E di positivo che cosa vede?
«Vedo una gran voglia di conoscere e di farsi coinvolgere. I giovani sono molto curiosi, ma questa curiosità bisognerebbe alimentarla anche in ambito familiare».
C’è qualcosa che noi adulti non facciamo, oppure sottovalutiamo?
«Tante cose. Non li ascoltiamo, li consideriamo con estremo distacco, non abbiamo capito che il nostro ruolo è quello di aiutarli a diventare grandi. E poi siamo incoerenti: tra quello che diciamo e quello che facciamo c’è spesso contraddizione e ciò è grave perché s’insegna di più con l’esempio che con le parole. E infatti siamo mancanti anche dal punto di vista formale. Non si possono dare note per i ritardi a scuola se poi anche l’insegnante arriva in ritardo. Non si può rimproverare un figlio perché usa troppo il telefonino se poi il genitore è sempre connesso. Piccole mancanze che però scardinano la vita di relazione in famiglia e a scuola».
È una visione un po’ pessimista la sua, o sbaglio?
«Le fotografie non sono pessimiste, raccontano ciò che c’è, non posso farci niente se la situazione è questa.
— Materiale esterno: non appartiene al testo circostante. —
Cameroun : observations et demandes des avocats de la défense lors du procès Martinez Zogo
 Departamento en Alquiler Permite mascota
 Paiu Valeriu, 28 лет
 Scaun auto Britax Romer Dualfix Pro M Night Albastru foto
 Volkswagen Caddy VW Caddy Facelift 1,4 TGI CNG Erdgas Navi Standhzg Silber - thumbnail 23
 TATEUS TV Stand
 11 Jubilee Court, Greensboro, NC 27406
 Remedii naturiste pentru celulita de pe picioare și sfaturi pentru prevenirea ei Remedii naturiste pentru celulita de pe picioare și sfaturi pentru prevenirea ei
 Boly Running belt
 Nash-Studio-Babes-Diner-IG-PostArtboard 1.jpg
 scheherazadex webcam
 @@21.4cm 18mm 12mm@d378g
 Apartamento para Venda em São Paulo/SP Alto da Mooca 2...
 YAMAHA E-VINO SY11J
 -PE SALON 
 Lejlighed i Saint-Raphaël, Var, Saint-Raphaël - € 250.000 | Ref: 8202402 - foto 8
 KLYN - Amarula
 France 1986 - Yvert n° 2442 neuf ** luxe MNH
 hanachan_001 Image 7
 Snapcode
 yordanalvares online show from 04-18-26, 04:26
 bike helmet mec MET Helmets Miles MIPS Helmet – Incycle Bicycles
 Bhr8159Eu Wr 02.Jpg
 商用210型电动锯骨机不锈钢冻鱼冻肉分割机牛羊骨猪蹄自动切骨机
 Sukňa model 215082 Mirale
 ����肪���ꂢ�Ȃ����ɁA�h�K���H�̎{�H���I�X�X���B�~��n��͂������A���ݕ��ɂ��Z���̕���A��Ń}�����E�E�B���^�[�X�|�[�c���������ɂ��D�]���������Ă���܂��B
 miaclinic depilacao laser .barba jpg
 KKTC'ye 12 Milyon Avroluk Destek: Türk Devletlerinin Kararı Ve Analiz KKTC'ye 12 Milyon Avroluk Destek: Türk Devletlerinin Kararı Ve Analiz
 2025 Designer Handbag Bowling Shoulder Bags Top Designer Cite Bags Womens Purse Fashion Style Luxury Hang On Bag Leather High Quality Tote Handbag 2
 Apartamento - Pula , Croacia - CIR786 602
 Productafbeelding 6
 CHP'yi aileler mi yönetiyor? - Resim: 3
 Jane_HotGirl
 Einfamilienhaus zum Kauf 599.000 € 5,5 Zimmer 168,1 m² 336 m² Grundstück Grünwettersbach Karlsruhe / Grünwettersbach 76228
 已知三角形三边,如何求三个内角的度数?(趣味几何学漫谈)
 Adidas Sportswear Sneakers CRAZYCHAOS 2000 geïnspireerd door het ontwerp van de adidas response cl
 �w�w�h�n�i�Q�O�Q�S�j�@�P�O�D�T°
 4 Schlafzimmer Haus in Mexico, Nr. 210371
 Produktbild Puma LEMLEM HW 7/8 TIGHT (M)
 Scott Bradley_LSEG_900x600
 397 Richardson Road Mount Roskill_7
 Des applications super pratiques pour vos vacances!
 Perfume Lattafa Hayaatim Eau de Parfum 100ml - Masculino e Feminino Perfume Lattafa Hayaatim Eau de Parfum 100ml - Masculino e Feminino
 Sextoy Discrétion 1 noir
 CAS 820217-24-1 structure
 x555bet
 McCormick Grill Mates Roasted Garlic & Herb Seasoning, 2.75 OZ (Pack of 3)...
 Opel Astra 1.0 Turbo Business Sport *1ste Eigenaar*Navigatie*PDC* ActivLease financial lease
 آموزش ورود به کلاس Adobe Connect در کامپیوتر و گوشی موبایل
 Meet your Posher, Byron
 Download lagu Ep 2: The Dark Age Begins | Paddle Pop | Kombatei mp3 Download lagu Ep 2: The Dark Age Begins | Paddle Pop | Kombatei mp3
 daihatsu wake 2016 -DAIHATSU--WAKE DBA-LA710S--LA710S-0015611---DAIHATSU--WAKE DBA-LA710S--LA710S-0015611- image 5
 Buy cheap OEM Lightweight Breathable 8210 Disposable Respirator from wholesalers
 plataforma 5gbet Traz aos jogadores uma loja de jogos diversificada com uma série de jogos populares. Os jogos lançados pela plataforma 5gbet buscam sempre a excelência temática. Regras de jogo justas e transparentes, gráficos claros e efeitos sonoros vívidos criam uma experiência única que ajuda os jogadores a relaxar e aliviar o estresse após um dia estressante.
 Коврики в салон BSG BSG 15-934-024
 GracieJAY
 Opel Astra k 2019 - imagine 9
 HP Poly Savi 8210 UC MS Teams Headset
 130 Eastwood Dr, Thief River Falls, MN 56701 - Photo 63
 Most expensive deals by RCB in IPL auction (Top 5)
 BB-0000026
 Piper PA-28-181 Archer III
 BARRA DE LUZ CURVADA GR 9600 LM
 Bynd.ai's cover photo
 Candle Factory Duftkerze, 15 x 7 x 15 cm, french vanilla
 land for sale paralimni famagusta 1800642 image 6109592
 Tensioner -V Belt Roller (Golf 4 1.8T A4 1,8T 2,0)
Ma io dico anche che si può cambiare: basta impegnarsi, dar maggior fiducia ai ragazzi, ascoltarli. Ci vuole lavoro, tanto».
A proposito di lavoro, che cosa rimane della stagione di Mani Pulite?
«Non rimane niente, restano tante informazioni e, a volerla leggere correttamente, la prova provata, secondo me scientifica, che non è attraverso un processo penale che si risolvono le questioni di devianza capillare, articolata e diffusa come è, e resta, la corruzione in Italia».
Ma si risolvono attraverso un percorso di educazione e cultura che comincia in famiglia…
«Esattamente. E qua torniamo al discorso principale».